Catholic high school in Avondale, Arizona

St. John Paul II Catholic High School is a Catholic high school in Avondale, Arizona which opened in 2018.

==History==
In 1998, the pastor of the parish of St. Thomas Aquinas lobbied the Roman Catholic Diocese of Phoenix to buy land for a future elementary and high school.

The diocese tapped the Dominican Sisters of St. Cecilia, known colloquially as the "Nashville Dominicans," to establish a presence in Phoenix and operate the new high school. Sr. Mary Jordan Hoover, O.P., previously the founding principal when the order built Saint John Paul the Great Catholic High School in northern Virginia, serves as the principal of JP2.

On April 21, 2015, the diocese announced plans to construct a new high school in Avondale on diocesan property next to St. Thomas Aquinas parish, dedicated to St. John Paul II, canonized the previous year.

Ground was broken for the new school at a ceremony on January 21, 2017. Later in the year, the diocese launched a $100 million capital campaign, "Together Let Us Go Forth." The largest grant of the funds to be raised from the program, $23 million, was earmarked for the new high school.

The 107000 ft2 first phase, consisting of a three-story academic building and gymnasium, opened in August 2018, accepting 150 freshmen and sophomores, with about 40% of students coming from public schools. John Paul II was the second diocesan high school to open west of Interstate 17.

In March 2019, Bishop Thomas Olmsted dedicated the new chapel altar, which features a relic: a lock of hair of Saint John Paul II.

==Academics==
St. John Paul II is a college-preparatory school, with a curriculum focused on preparation for university admission. It also maintains a partnership with Grand Canyon University which allows JP2 students to take courses at GCU, earning both high school and college credit.
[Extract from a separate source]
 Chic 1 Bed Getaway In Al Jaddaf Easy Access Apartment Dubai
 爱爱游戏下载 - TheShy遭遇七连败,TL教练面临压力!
St. John Paul II is the second Catholic high school in the diocese to use a "house" system, in which each student is assigned to one of six houses. The members of each house work to build a community among themselves, and compete with other houses in academics, athletics, and school spirit competitions throughout the year. Each house is named for a different saint: St. Dominic de Guzman, founder of the Dominicans; St. Lorenzo Ruiz, a Chinese Filipino martyr executed in Japan; St. Gianna Beretta Molla, an Italian doctor; St. José Sánchez del Río, a Mexican martyr of the Cristero War; St. Kateri Tekakwitha, an Algonquin–Mohawk convert; and St. Maximilian Kolbe, a Polish Franciscan killed at Auschwitz.

==Athletics==

The JP2 girls basketball team won the Canyon Athletic Association state title in its first year, with the school moving into the larger Arizona Interscholastic Association for 2019–20.